Ce n’est pas surinterpréter sociologiquement l’article de Rahner que de le relire à la lumière de la construction idéal-typique des formes de la communalisation chrétienne élaborée par Max Weber et approfondie par Ernst Troeltsch[7]. La référence aux deux classiques allemands de la sociologie des religions parcourt en effet le propos de Rahner, même s’il n’en donne aucune citation directe. Elle est lisible en particulier dans la manière dont il dessine, en contrepoint du régime extensif de la communalisation chrétienne que le « catholicisme de ghetto » continue d’invoquer contre toute évidence, l’émergence d’un « catholicisme de convertis » assumant sa condition minoritaire au milieu des non-chrétiens. Nous reviendrons plus loin sur ce dernier point, mais il convient, dans un premier temps, d’éclairer le questionnement — au moins implicite — que Rahner adresse à la communalisation de « type Église », à partir du moment où s’effondre la position religieusement et culturellement hégémonique que l’Église a héritée de l’histoire dans les sociétés occidentales.
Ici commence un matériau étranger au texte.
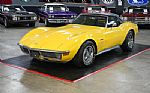 1970 Corvette Stingray Convertible Thumbnail 10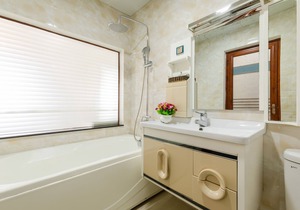Apartment Pho Xanh Marina 2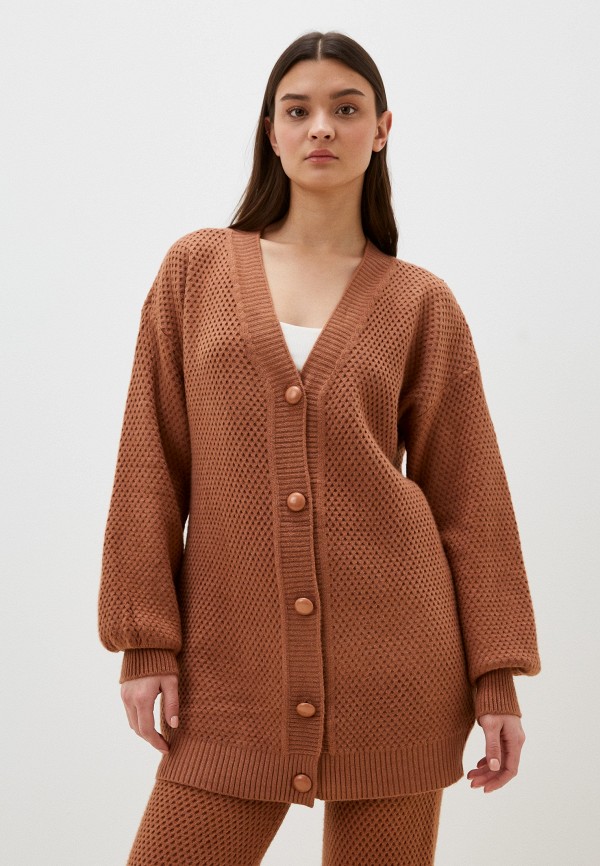 Marselesa Костюм вязаный - фото 2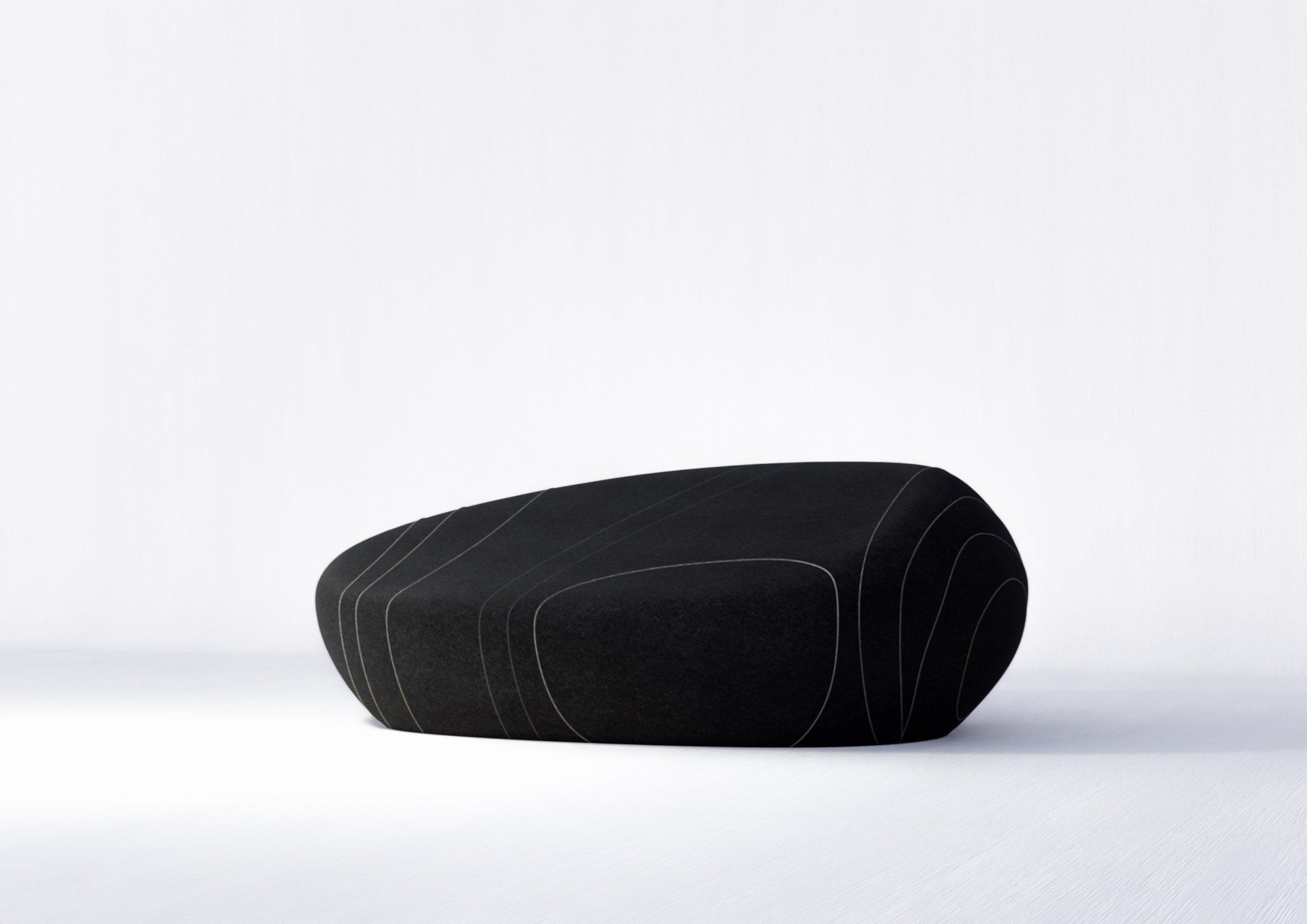 Шерстяной диван smarin Livingstones ARCH-00073183 - Вид №11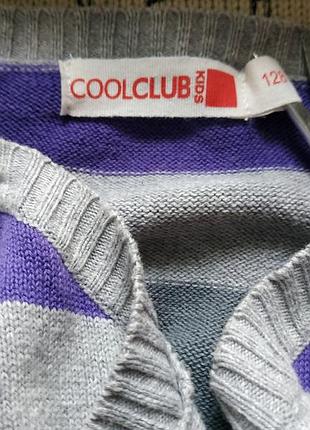 Платье тепленькое cool club. 2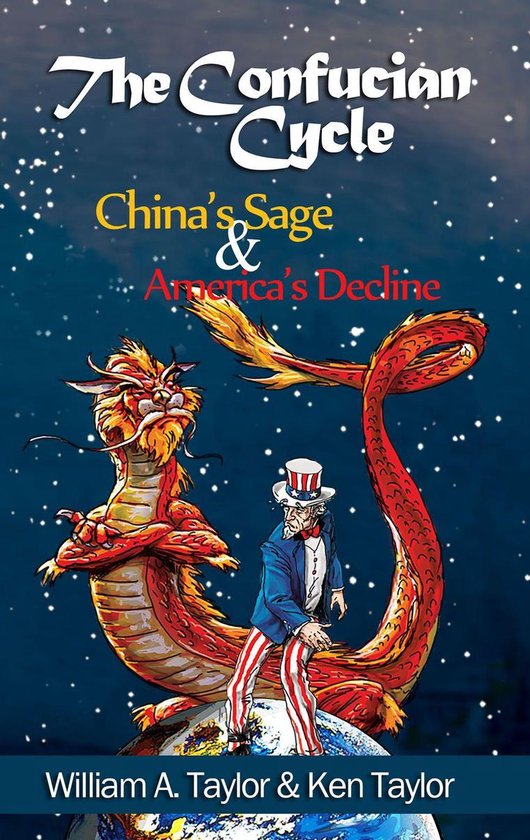 The Confucian Cycle - cover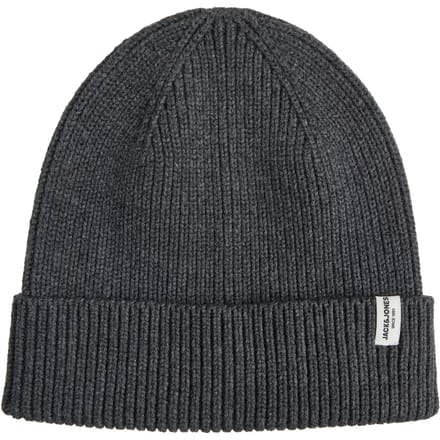 JACK&JONES - JACBRINK BEANIE LN - Heren - Mutsen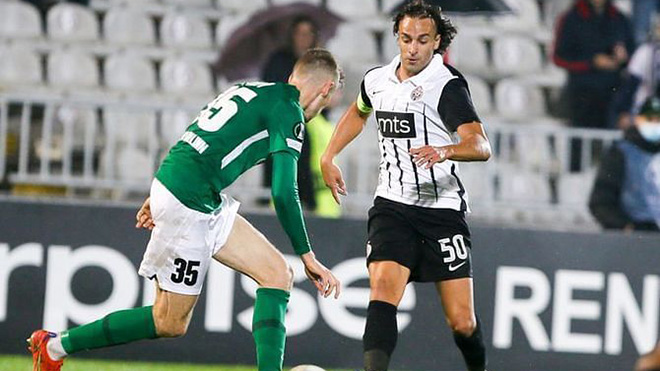 Soi kèo nhà cái Flora vs Partizan. Nhận định, dự đoán bóng đá cúp C3 (22h30, 25/11)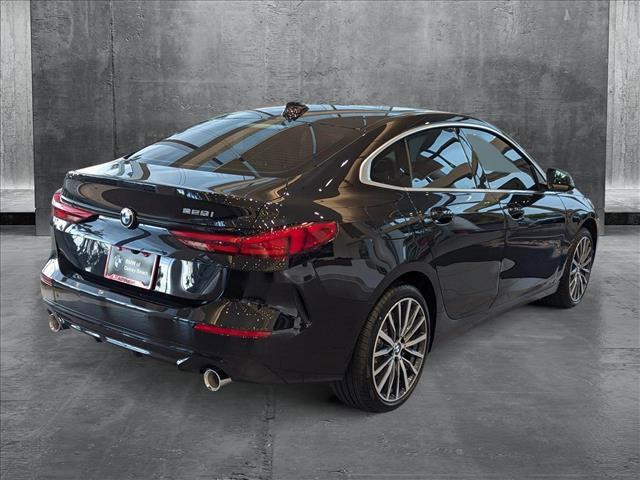 used 2024 BMW 228 Gran Coupe car, priced at $46,095
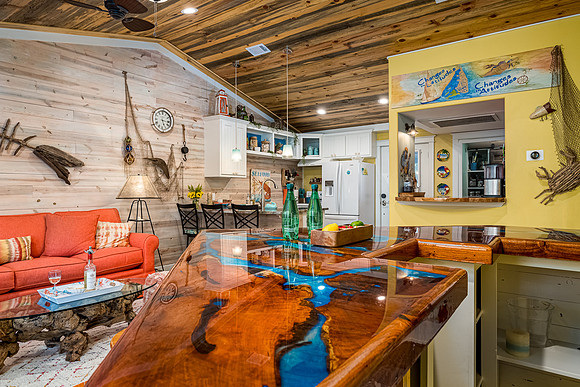 AirBnB photography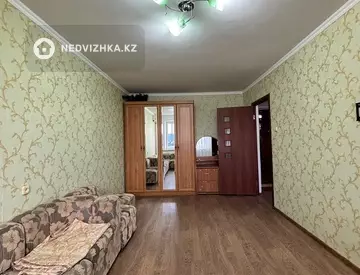 1-комнатная квартира, этаж 5 из 5, 35 м²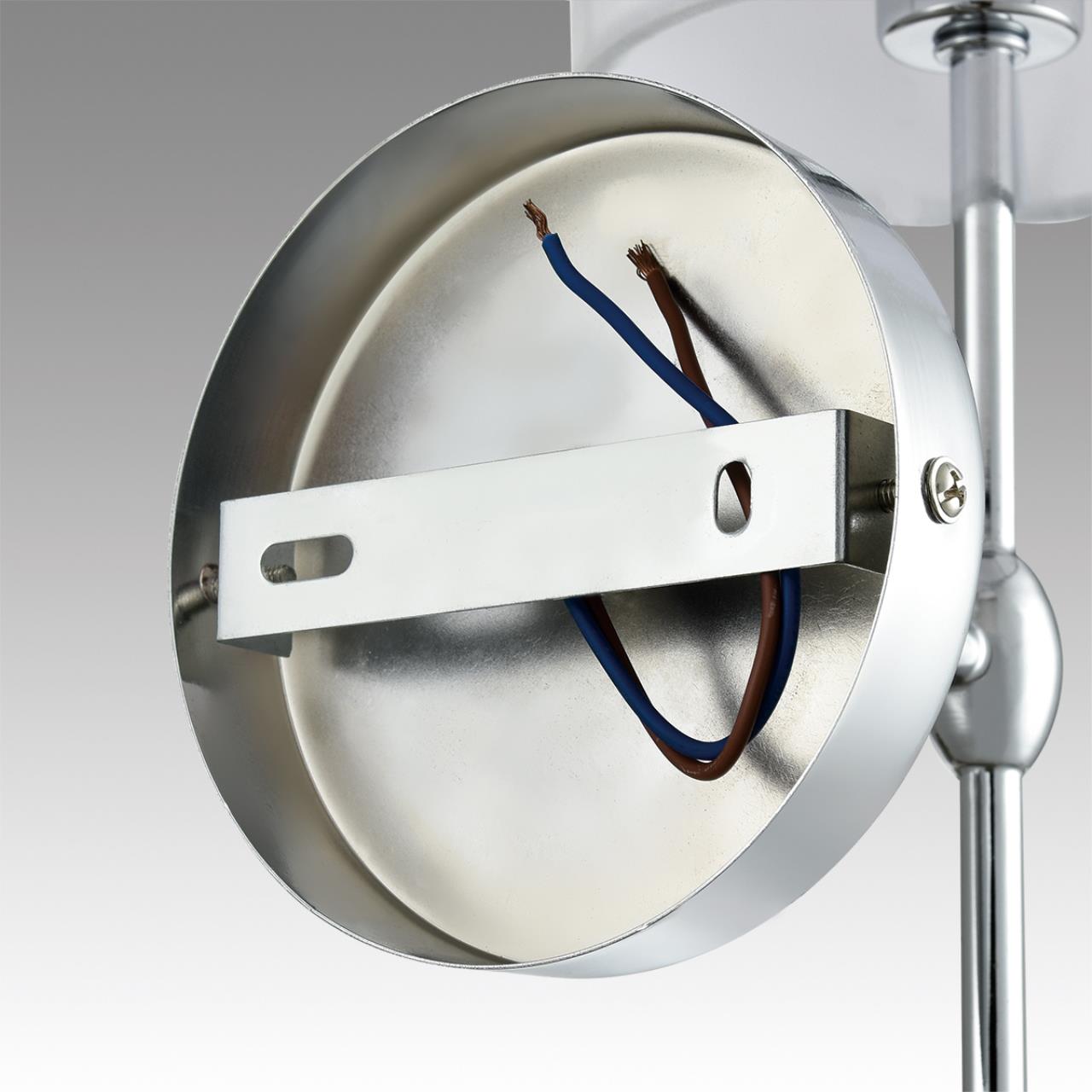 Бра с 1 плафоном Lumion  LATTI 6589/1W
Le trait principal du type « Église » est la visée d’extension — « jusqu’aux extrémités de la Terre » – dont il est porteur. Le lien communautaire qu’il instaure est tout entier ordonné au rassemblement de tous les habitants de la Terre sous le chef de l’institution ecclésiale. Ce programme justifie d’incorporer à la communauté des enfants en bas âge encore incapables de dire leur foi. Il justifie surtout d’instaurer, au sein de cette communauté, un régime de « double éthique » réservant la radicalité de l’exigence évangélique à des « virtuoses » séparés du monde, et ouvrant au plus grand nombre possible de fidèles une participation religieuse réduite à des règles d’observance cultuelle et au respect de normes morales compatibles avec la vie dans le monde, sous le contrôle d’un corps de clercs, détenteurs exclusifs du pouvoir religieux et spécialement formés à cette fin. Ce dispositif d’accommodement de la norme chrétienne permet à l’institution de nouer avec la société politique et avec la culture du monde les rapports étroits dont elle a besoin pour y développer son emprise. Laquelle doit donner à voir, in fine, la vocation universelle de l’Église elle-même.
Depuis le concile de Trente, dans les sociétés occidentales, la réalisation historique de cette communalisation multitudiniste et extensive, spécifique du « type Église », a suivi, avec des variantes et des ampleurs liées aux contextes nationaux, trois voies inséparables : la première fut celle de l’encadrement religieux et moral des populations, à travers le maillage territorial des paroisses organisées autour de la figure centrale du prêtre ; la seconde fut la multiplication des œuvres éducatives, intellectuelles, artistiques, sociales et économiques propres à imprimer la marque de l’Église au cœur de la culture et de la vie collective ; la troisième fut le développement des moyens institutionnels et communicationnels d’interaction avec le pouvoir politique, incluant la constitution d’organes de presse, d’associations de fidèles agissant comme des groupes de pression, voire de partis religieux. Probablement renforcée par la puissance que revêt cet appareil institutionnel dans le contexte catholique allemand, la critique du « catholicisme de ghetto » que développe Rahner ne cible pas seulement l’illusion consistant, pour les fidèles, à s’imaginer vivre dans un monde encore placé sous la tutelle de l’Église. Elle met en question en même temps l’obstination avec laquelle l’institution elle-même continue, dans un monde sorti de la religion, à identifier la sollicitude qu’elle doit à tous les hommes avec le système d’emprise totalisant (ou aspirant à l’être) auquel sa position historiquement hégémonique dans la société lui a permis un temps de prétendre. « Ayons le courage de renoncer une bonne fois à défendre les vieilles façades derrière lesquelles il n’y a pas grand-chose, et d’arrêter d’entretenir l’idée que le christianisme est le fait de tout le monde »[8].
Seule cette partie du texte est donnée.